Nous tâchons de mener un travail de lobbying de toutes les manières possibles en cherchant à dialoguer avec des membres de tous les partis politiques. Nous les invitons, mais nous nous rendons aussi activement au Parlement. Pour le moment, nous nous attelons à la formation d’un groupe parlementaire et d’un comité consultatif composé d’élu·e·s politiques et de personnes réfugiées.
Nous décernons régulièrement des prix de remerciement, comme récemment au réseau de solidarité de Berne pour son engagement en faveur des personnes non régularisées, ainsi qu’à Nigg Gugger et Marianne Streiff-Feller, membres PEV du Conseil national, pour leur motion visant une solution humanitaire pour les personnes requérantes d’asile déboutées. Le Secrétariat d’État aux migrations (SEM) en a également reçu un après l’introduction du statut de protection S pour les personnes réfugiées d’Ukraine.
Lorsqu’il y a un problème ici ou là , nous soumettons des propositions d’amélioration. Cela nous donne en même temps la possibilité d’engager la discussion avec les parties prenantes concernées.
Nous sommes également en contact avec les autorités. Des séances régulières sont organisées avec le SEM et nous nous sommes rendu·e·s à l’Office fédéral de la douane et de la sécurité des frontières (OFDF) au sujet de Frontex en février 2024. Il est important pour nous d’entretenir une collaboration constructive avec les décideuses et les décideurs.
Nous recherchons aussi dans la mesure du possible à collaborer avec les médias pour promouvoir les recommandations adoptées par le Parlement des réfugiés. À côté de cela, nous participons à divers événements tels que le Symposium de l’asile en mai 2024.
Le monde politique suisse est-il prêt à accepter la participation active de personnes ayant connu la migration et l’exil ?
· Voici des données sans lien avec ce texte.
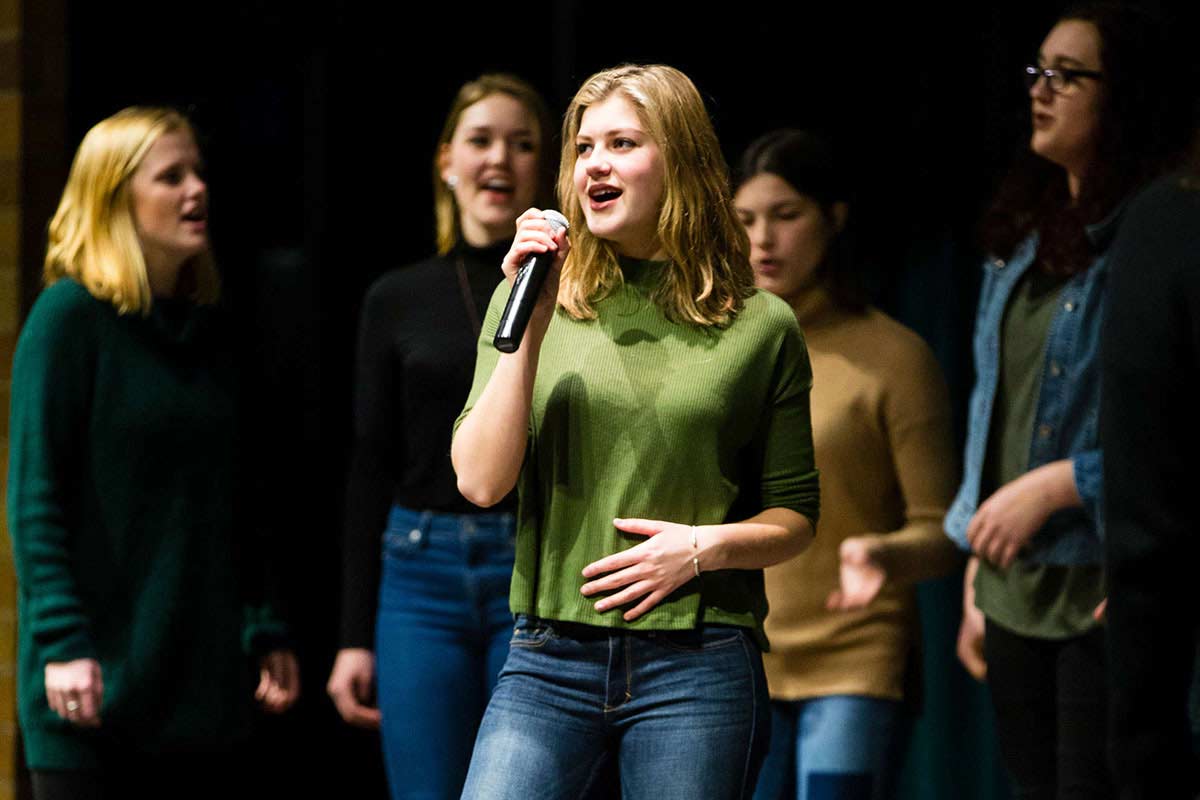 The women's a capella group Cadenza performs in an auditorium.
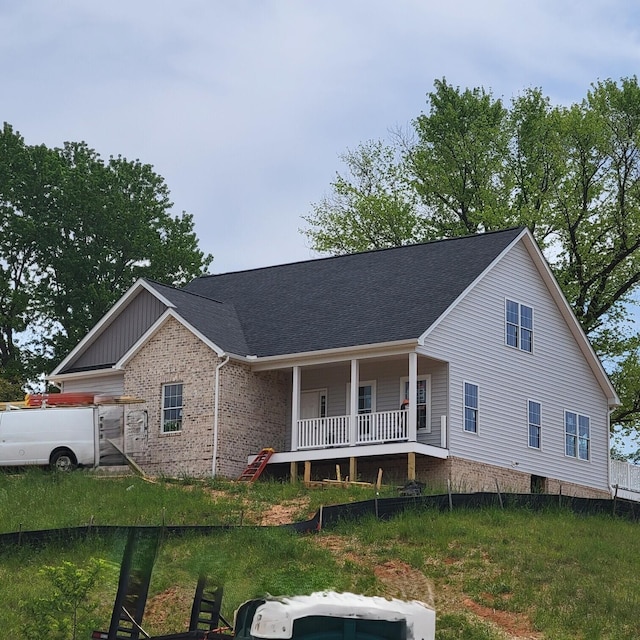 5591 Old Grove Ln, Salem, VA 24153 - view of front of home featuring covered porch, a shingled roof, and brick siding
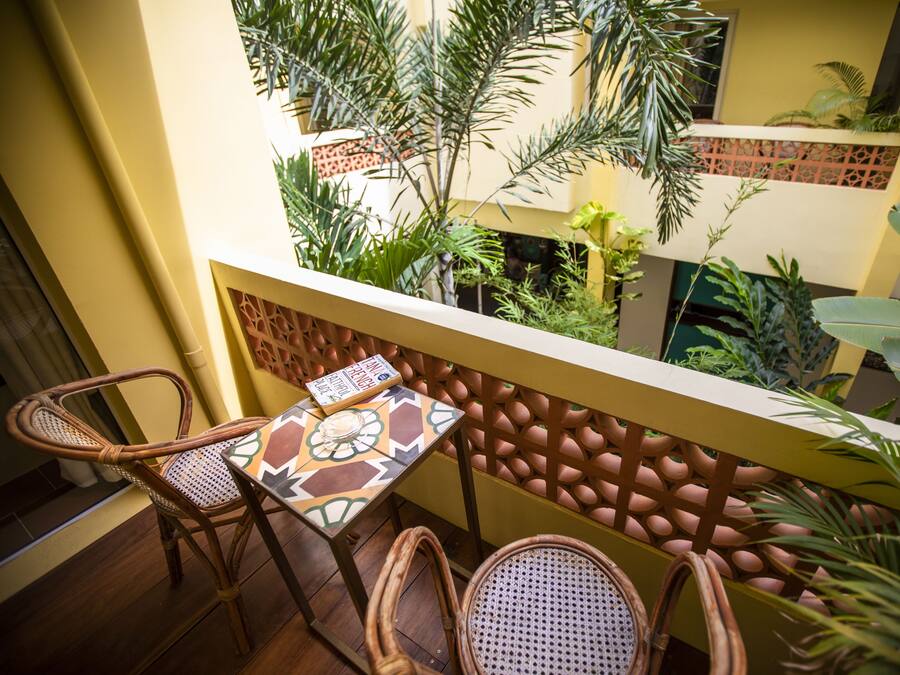 A balcony with wicker chairs, a patterned table, and lush tropical plants.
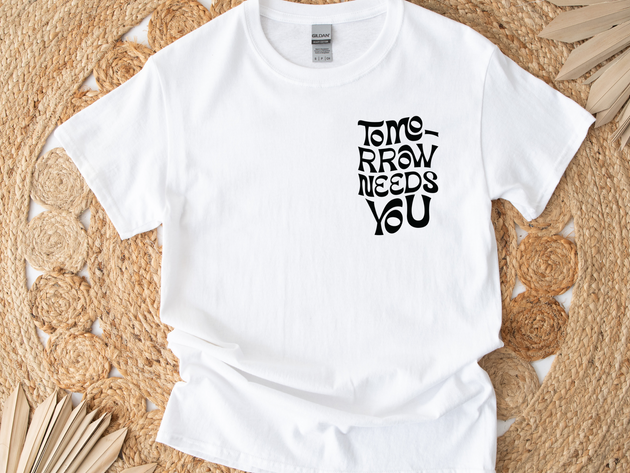 "Tomorrow Needs You" unisex t-shirt by Say Hello Threads, offering a hopeful and motivational message. 988, suicide 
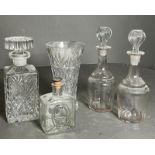A selection of cut glass decanters and a vase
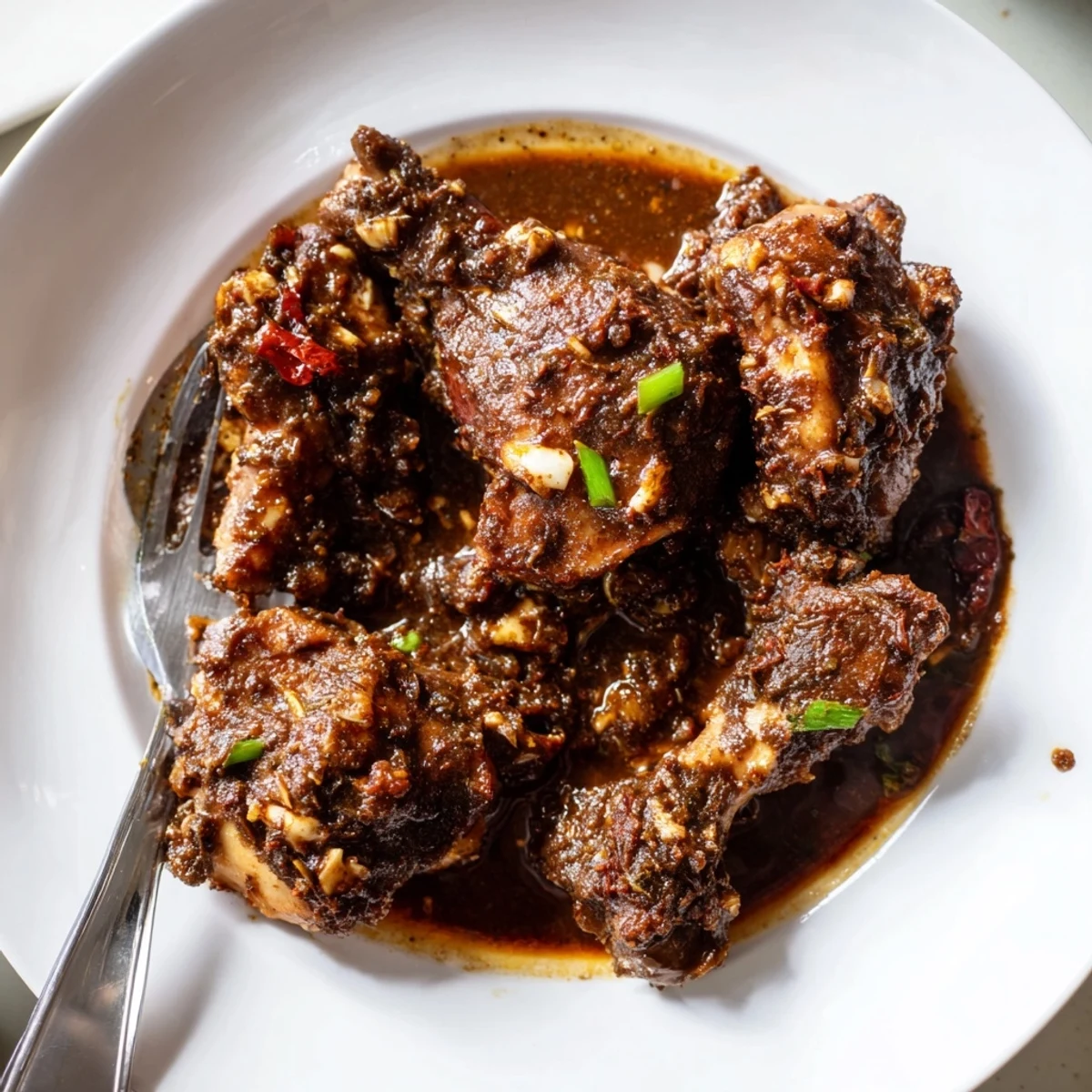 Jamaican brown stew chicken served over steamed white rice with thick sauce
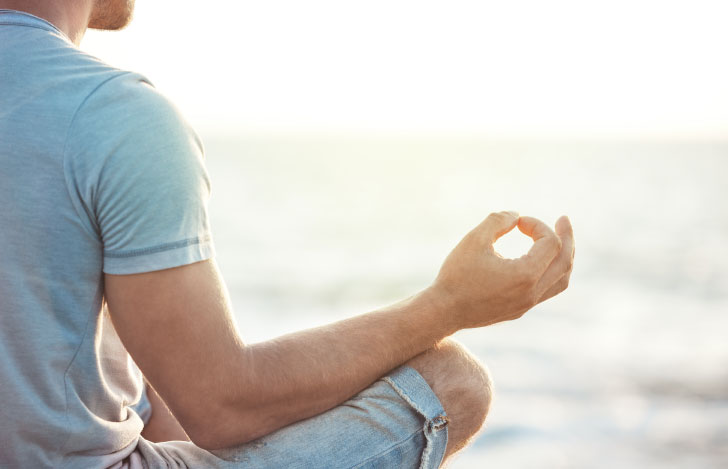 海に向かって安楽座で座る男性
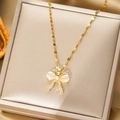 Champagne gold bow necklace featuring white cat-eye stones and pearl accents in a jewelry box - Gold Bow Style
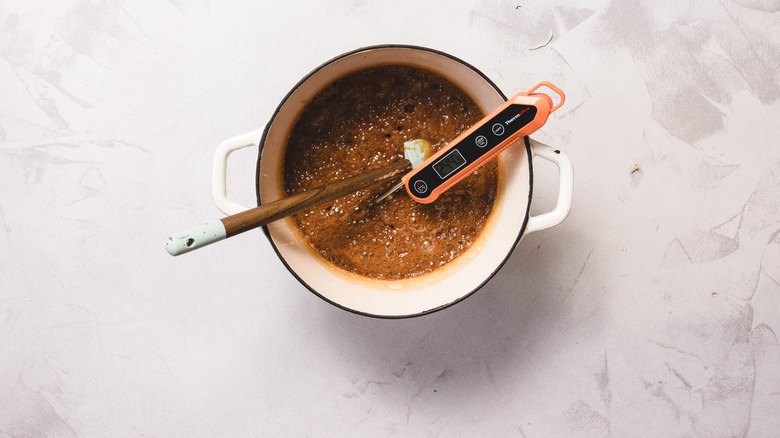 Candy mixture with thermometer in white pot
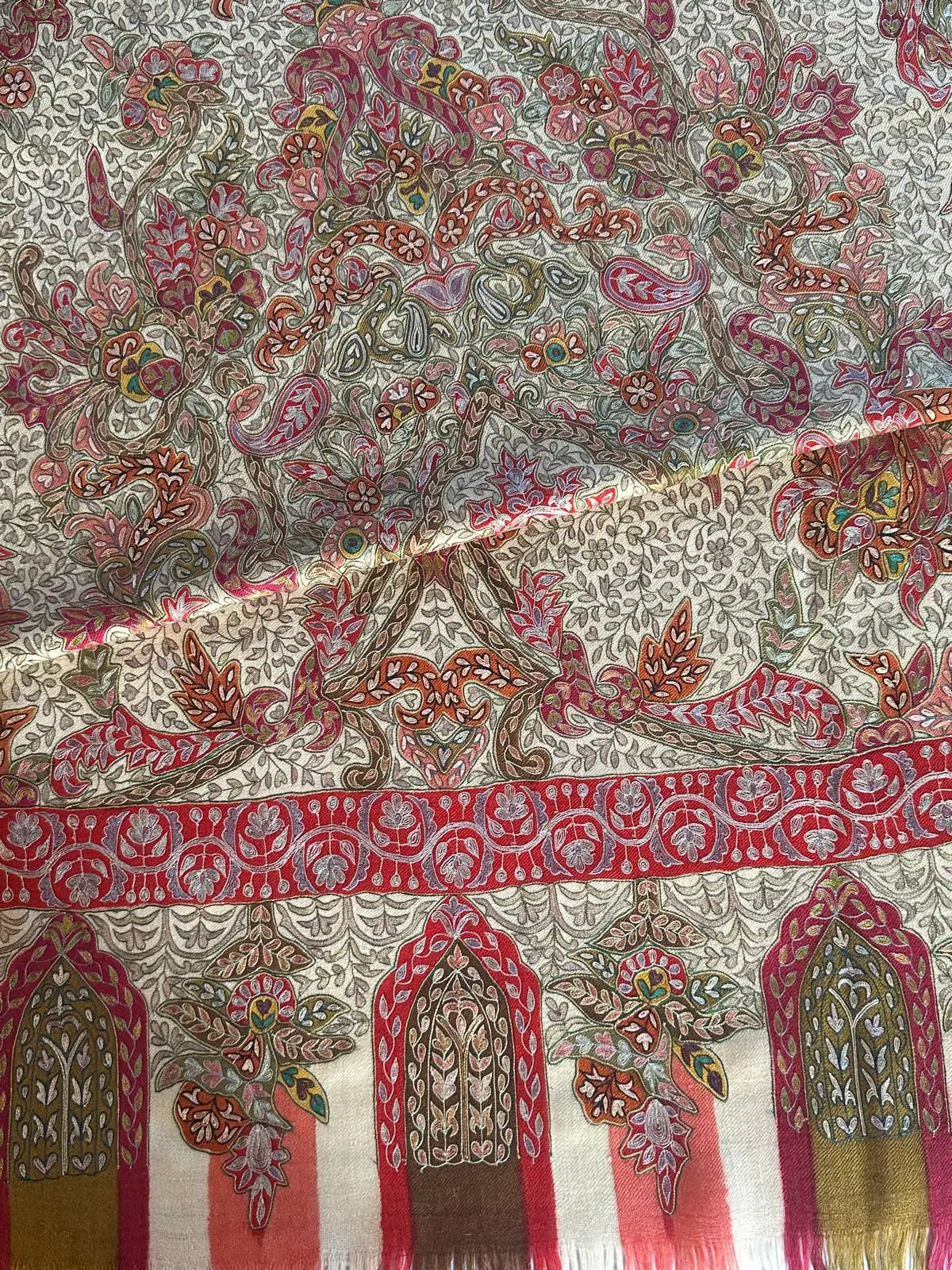 Ivory kalamkari shawl with rose, olive and green floral pattern above a red band and arched border panels.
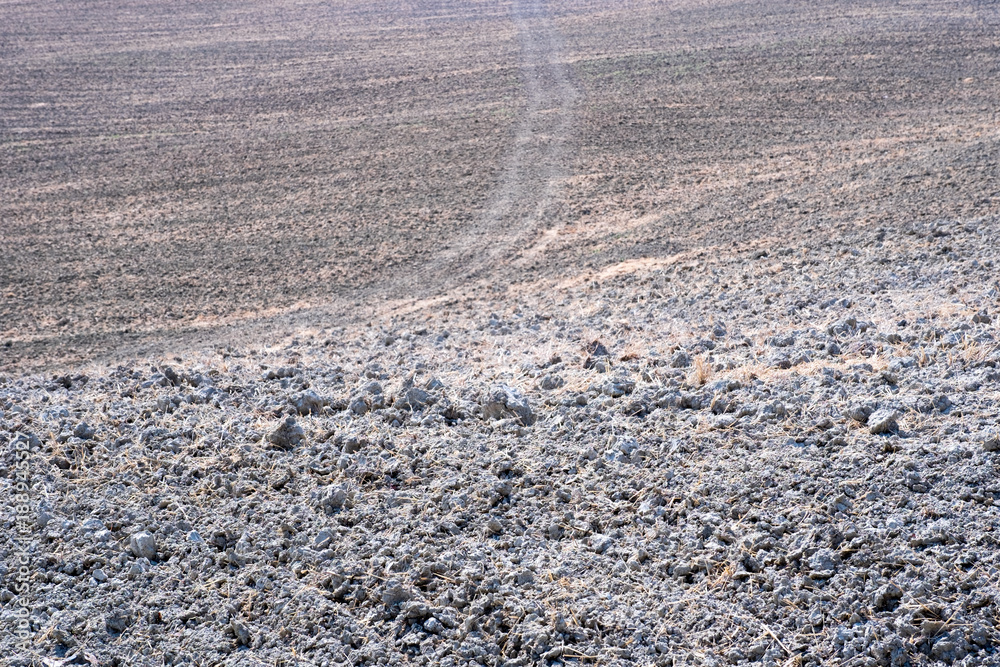 Plowed field ready to be cultivated in Val d'Orcia, Tuscany Plowed field ready to be cultivated in Val d'Orcia, Tuscany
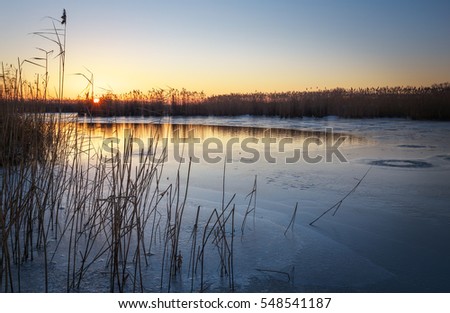 Winter landscape with sunset sky and frozen river. Daybreak

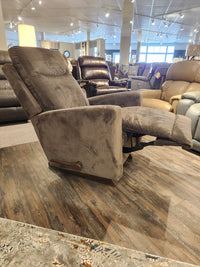 The La-z-boy 715 Kodie Rocker Recliner, made from gray corduroy fabric, stands as a centerpiece in the furniture store display. Surrounded by various seating options on the wood floor, it is designed for ultimate relaxation and invites you to unwind and enjoy its cozy embrace.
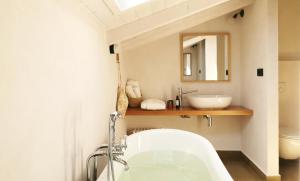 a bathroom with a sink and a bath tub at Santa Lucia Maccarese - Residenza Agricola in Maccarese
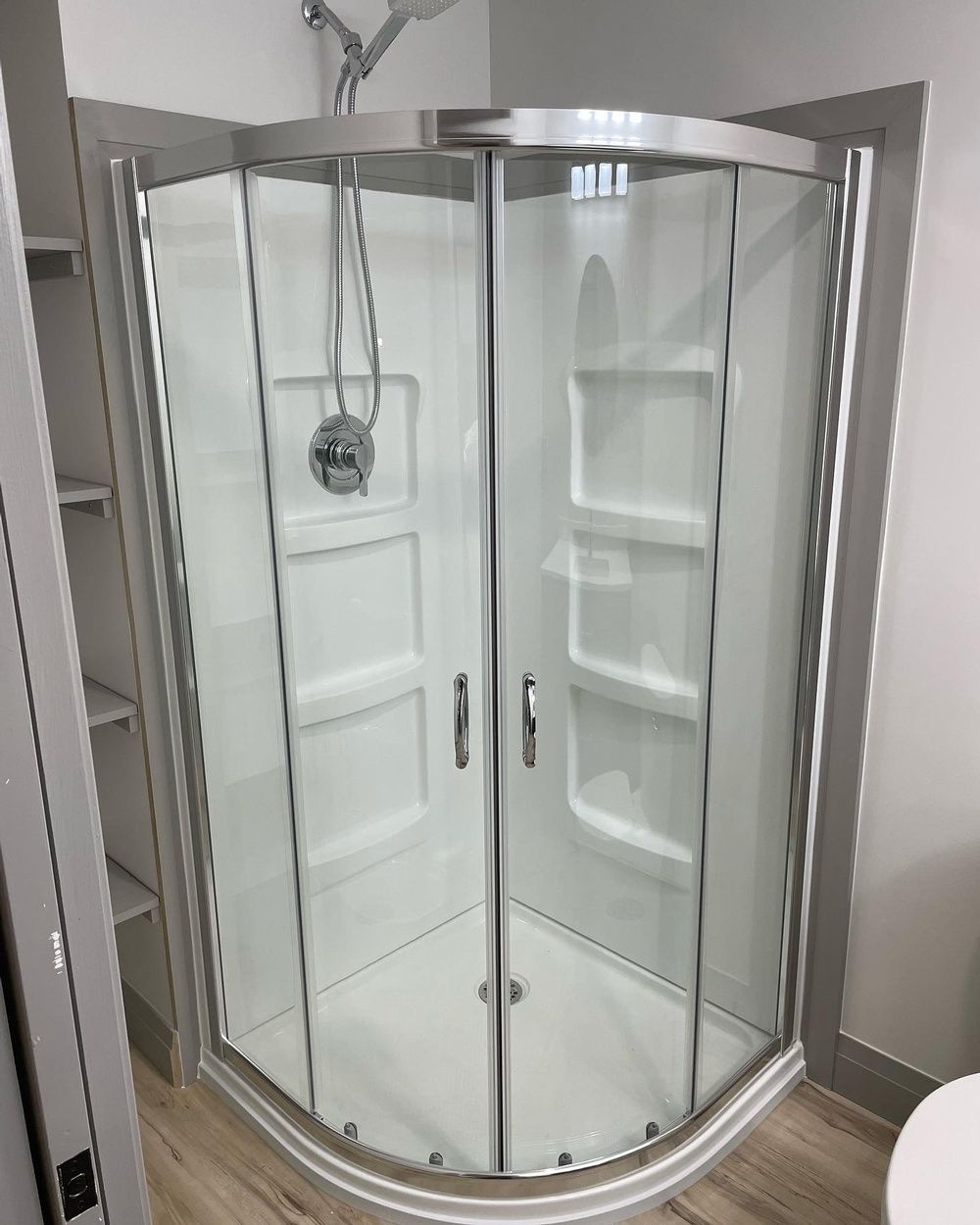 A bathroom with a shower stall and a toilet.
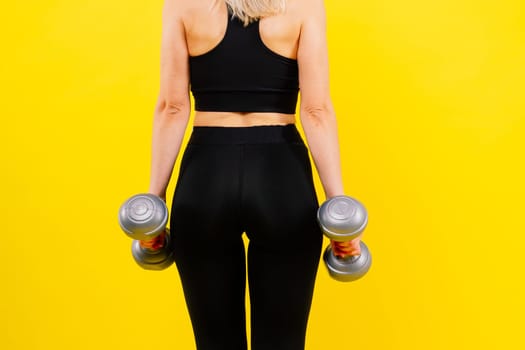 Sporty woman does exercises with dumbbells on dark, yellow, red background.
Mahtab Aziztaemeh: C’est une question intéressante à laquelle j’aimerais répondre de façon critique. Nous entendons parler de participation partout, mais il me manque les résultats concrets dans la pratique. Les personnes réfugiées sont toujours invitées aux débats publics en même temps que des spécialistes, ce qui envoie le message subliminal que nous ne sommes pas considéré·e·s comme des expert·e·s, mais comme des victimes. J’ai toutefois bon espoir que nous pourrons parvenir ensemble à une participation réelle. Le Parlement des réfugiés peut montrer l’exemple en ce sens aux côtés des décideuses et décideurs, des autorités, des organisations et des spécialistes dans divers domaines de l’asile et de la migration. Parler de participation ne suffit pas s’il n’y a pas une réelle volonté de considérer les personnes réfugiées sur un pied d’égalité et de tenir compte de leur expertise. Ce n’est que lorsque nous pourrons nous aussi contribuer aux décisions qui nous concernent que nous aurons atteint la véritable inclusion.